Source data:
═══

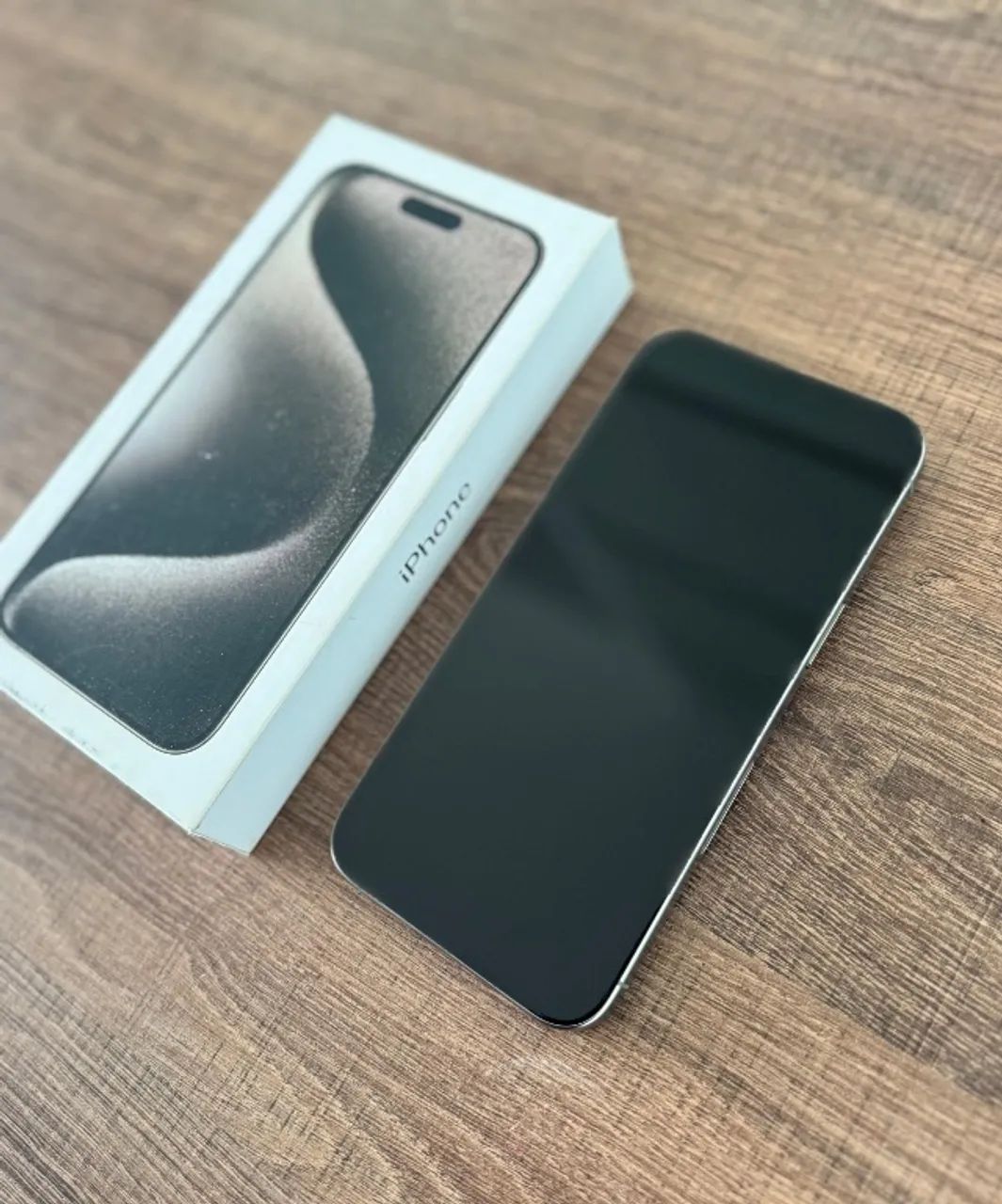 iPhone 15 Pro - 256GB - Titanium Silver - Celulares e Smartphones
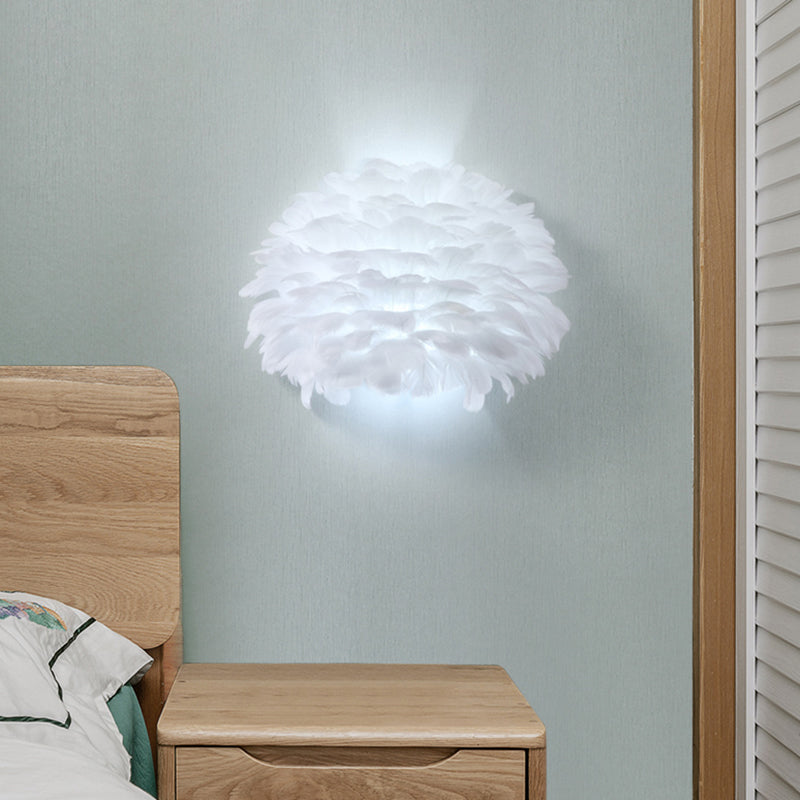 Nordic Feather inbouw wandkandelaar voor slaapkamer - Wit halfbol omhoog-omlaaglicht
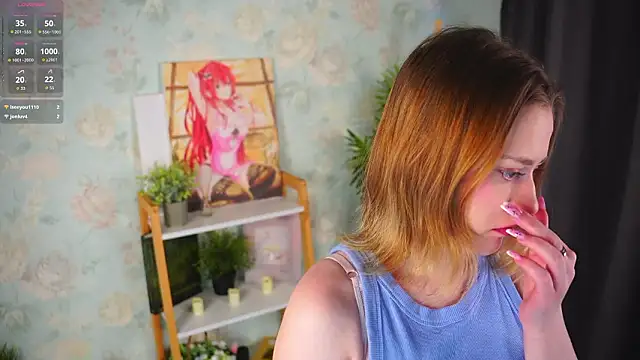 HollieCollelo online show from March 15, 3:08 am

═══

What the task asks: Copy out all the data above exactly as written. Skip the pictures.

The answer:
 iPhone 15 Pro - 256GB - Titanium Silver - Celulares e Smartphones
 Nordic Feather inbouw wandkandelaar voor slaapkamer - Wit halfbol omhoog-omlaaglicht
 HollieCollelo online show from March 15, 3:08 am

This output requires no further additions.